Angel was caught by the MOLIGPY! He was put in prison by Moligpy. The prison is described as a N * M (N, M <= 200) matrix. There are WALLs, ROADs, and GUARDs in the prison.

Angel's friends want to save Angel. Their task is: approach Angel. We assume that "approach Angel" is to get to the position where Angel stays. When there's a guard in the grid, we must kill him (or her?) to move into the grid. We assume that we moving up, down, right, left takes us 1 unit time, and killing a guard takes 1 unit time, too. And we are strong enough to kill all the guards.

You have to calculate the minimal time to approach Angel. (We can move only UP, DOWN, LEFT and RIGHT, to the neighbor grid within bound, of course.)

Input

First line contains two integers stand for N and M.

Then N lines follows, every line has M characters. "." stands for road, "a" stands for Angel, and "r" stands for each of Angel's friend.

Process to the end of the file.

Output

For each test case, your program should output a single integer, standing for the minimal time needed. If such a number does no exist, you should output a line containing "Poor ANGEL has to stay in the prison all his life."

Sample Input

7 8
#.#####.
#.a#..r.
#..#x...
..#..#.#
#...##..
.#......
........

Sample Output

13

广度优先遍历求解。 不同于一般的迷宫最短路径求解，每步的时间是不确定的。因此需要用一个附加数据保存时间，并遍历所有可达的情况。
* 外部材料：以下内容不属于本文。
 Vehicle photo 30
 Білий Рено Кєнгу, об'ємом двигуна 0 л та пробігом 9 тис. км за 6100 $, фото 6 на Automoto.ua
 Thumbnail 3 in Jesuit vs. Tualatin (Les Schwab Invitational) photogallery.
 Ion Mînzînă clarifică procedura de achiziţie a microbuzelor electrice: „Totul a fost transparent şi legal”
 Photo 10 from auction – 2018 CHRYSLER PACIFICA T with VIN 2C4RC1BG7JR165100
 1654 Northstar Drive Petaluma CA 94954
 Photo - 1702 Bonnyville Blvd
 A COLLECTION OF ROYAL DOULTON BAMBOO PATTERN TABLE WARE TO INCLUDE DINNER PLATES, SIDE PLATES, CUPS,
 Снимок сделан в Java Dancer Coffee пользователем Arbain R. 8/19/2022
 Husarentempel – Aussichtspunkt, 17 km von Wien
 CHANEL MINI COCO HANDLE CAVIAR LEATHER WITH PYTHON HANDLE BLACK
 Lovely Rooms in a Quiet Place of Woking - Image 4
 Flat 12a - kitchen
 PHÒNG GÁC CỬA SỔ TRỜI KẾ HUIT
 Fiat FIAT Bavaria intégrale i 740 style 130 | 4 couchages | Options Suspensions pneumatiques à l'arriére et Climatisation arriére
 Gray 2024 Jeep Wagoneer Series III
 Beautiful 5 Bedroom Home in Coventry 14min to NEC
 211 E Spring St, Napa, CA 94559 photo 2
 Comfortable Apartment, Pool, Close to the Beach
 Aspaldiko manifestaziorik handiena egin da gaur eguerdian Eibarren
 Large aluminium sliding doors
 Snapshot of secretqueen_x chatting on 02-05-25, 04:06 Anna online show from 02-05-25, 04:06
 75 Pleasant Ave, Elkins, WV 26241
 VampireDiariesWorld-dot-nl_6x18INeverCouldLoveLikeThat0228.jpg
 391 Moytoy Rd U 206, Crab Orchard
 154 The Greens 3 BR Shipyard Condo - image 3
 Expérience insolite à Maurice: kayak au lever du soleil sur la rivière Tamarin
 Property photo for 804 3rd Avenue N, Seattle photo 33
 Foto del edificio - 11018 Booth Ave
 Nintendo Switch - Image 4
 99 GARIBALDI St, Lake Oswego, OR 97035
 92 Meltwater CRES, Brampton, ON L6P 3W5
那么BFS是否会无限搜索下去呢？不会的，因为我们加入了判断条件是，这种走法比之前所花费的时间更少。

#include <iostream>
#include <queue>
#include <stdio.h>
using namespace std;
#define MAXMN 200
#define INF 1000000

class Point{
	public:
	int x,y,time;
};

queue<Point> Q;
int N,M;
char map[MAXMN][MAXMN];
int mintime[MAXMN][MAXMN]; //表示到达当前位置所需要的 最短时间
int dir[4][2] = { { -1, 0 }, { 0, -1 }, { 1, 0 }, { 0, 1 } };
int ax,ay; //结束位置

int bfs(Point s){ //从s点开始搜索

	Q.push(s);
	Point hd;
	while( !Q.empty()){
		hd = Q.front();
		Q.pop();
		for(int i=0; i<4; i++){
			int x = hd.x + dir[i][0];
			int y = hd.y + dir[i][1];
			if(x >= 0 && x <N && y >=0 && y < M && map[x][y] != '#'){
				Point t;
				t.x = x;
				t.y = y;
				t.time = hd.time + 1;
				if(map[x][y] == 'x') t.time ++;
				if(t.time < mintime[x][y]){
					mintime[x][y] = t.time;
					Q.push(t);
				}
			}
		}
	}
	return mintime[ax][ay];
}

int main() {

	while(scanf("%d %d", &N,&M) != EOF){
		for(int i=0; i<N; i++)
			scanf("%s", map[i]);

		int sx,sy;
		Point start;
		for(int i=0; i<N; i++){
			for(int j=0; j<M; j++){
				mintime[i][j] = INF; //mintime初始为最大，不可达
				if(map[i][j] == 'a'){
					ax = i;
					ay = j;
				}else if(map[i][j] == 'r'){
					sx = i;
					sy = j;
				}
			}
		}

		start.x = sx;
		start.y = sy;
		start.time = 0;
		mintime[sx][sy] = 0;

		int mint = bfs(start);
		if(mint < INF)
			printf("%d\n",mint);
		else
			printf("Poor ANGEL has to stay in the prison all his life.\n");
	}
	return 0;
}